What to know and how to avoid


them
Cheating
• Cheating is any attempt at passing off a paper
(or parts of a paper) written by another
student or person as your own work.
• Cheating generally involves colluding with
another student or another person.
• Keep in mind this paper is your own work. Any
effort to cheat will be rewarded with a zero on
your paper.
Examples of Cheating
• Paying someone to write a paper for you.
• Using a paper written by a former student.
• Working with other students to reword
paragraphs in an effort to turn one paper into
several papers (Canvas has partnered with
turnitin.com. This site will detect such an
effort).
Plagiarism
• Any effort to pass off a published work of any
form as your own work.
• Most plagiarism comes from a failure to
properly cite information pulled from online
or text sources.
Important Citation Information
• Always be sure to cite information that you
are using.
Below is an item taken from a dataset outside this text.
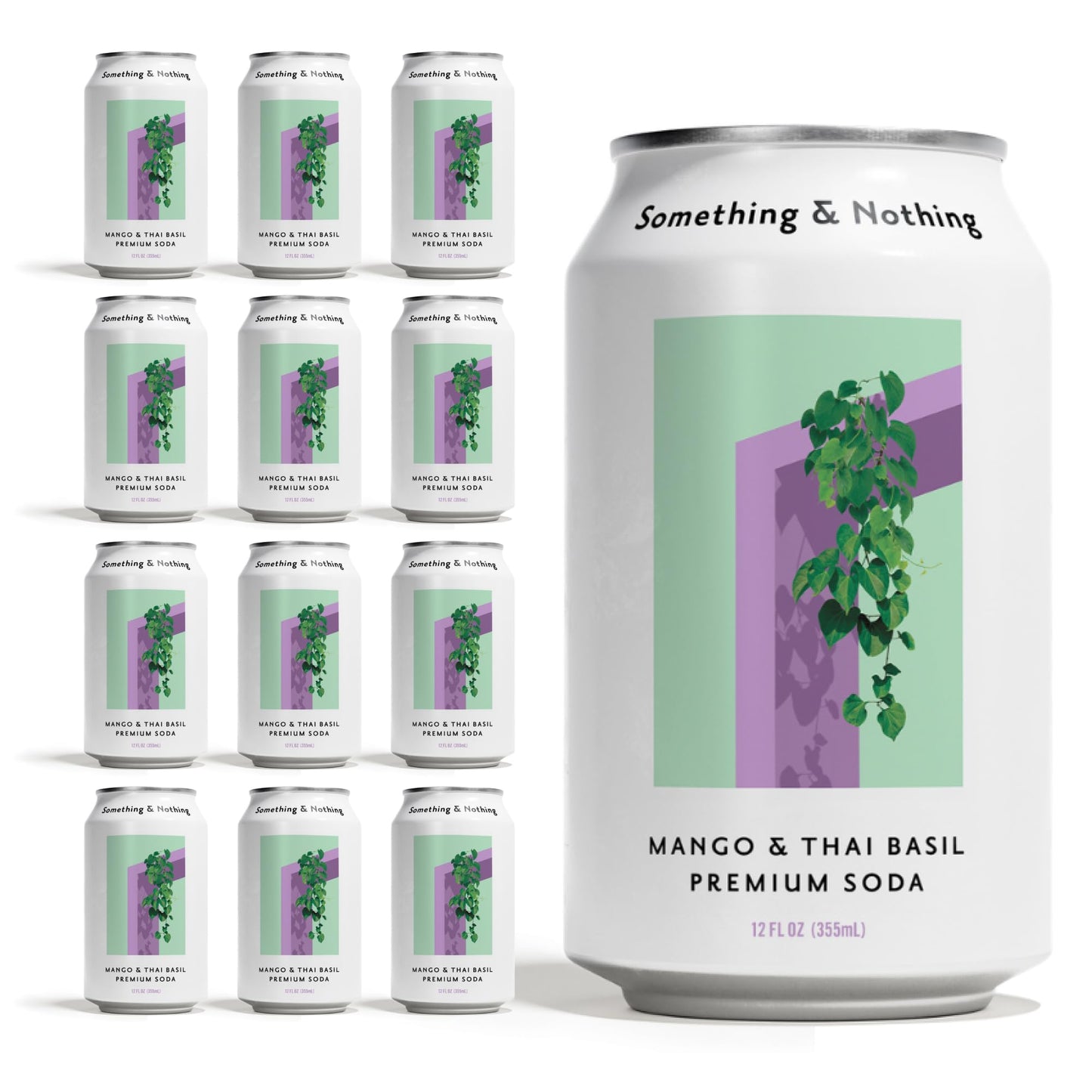 Something & Nothing Mango & Thai Basil Flavored Sparkling Water | Lightly Carbonated & Full of Flavor with Added G & Lemon Juice | Vegan & Low Calorie enhanced Soda | 12 Fl Oz Cans (Pack of 12)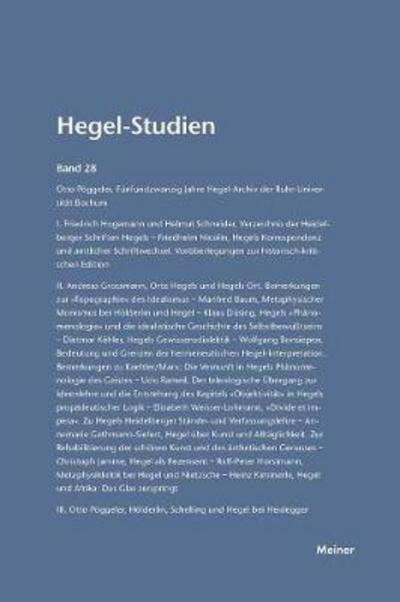 Cover for Otto Poeggeler · Hegel-Studien / Hegel-Studien (Paperback Book) (1993)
When in doubt, CITE!
• If you ever take information from another
source, even if it is not a direct quote, you
MUST cite where you got the information!
Direct Quotes
• Any time you use a word-for-word sentence
from another source (copy and paste) you
must include the text with quotation marks
and cite where it came from.
Example
• The following was written in a story by Gallup
Poll:
– far fewer Americans, 14%, see North Korea as the
United States’ greatest enemy than the 51% who
did a year ago.
• In order to use this it must be properly cited.
Example
• A student would need to write the following:
• “[…] far fewer Americans, 14%, see North Korea as the
United States’ greatest enemy than the 51% who did a year
ago.” (Reinhart 2019)
• Reinhart, R.J. 2019. “Far Fewer Americans See North Korea
as Greatest U.S. Enemy.” Gallup.
•You can use word-to-word quotes from online
or text sources but they must always be
accompanied with the citation and quotation
marks.
Paraphrase
• If you use information from a source, but you
alter the wording so that they are now your
own words, you no longer need to put
quotation marks around the statement.
However, you still need to cite.
Example
• Lets look at the Gallup example once again:
• Gallup wrote:
• far fewer Americans, 14%, see North Korea as the United
States’ greatest enemy than the 51% who did a year ago.
• A student wrote:
• Many Americans no longer view North Korea as the United
States’ greatest enemy. Only 14% still feel North Korea is
the greatest enemy of the U.S. (Reinhardt 2019)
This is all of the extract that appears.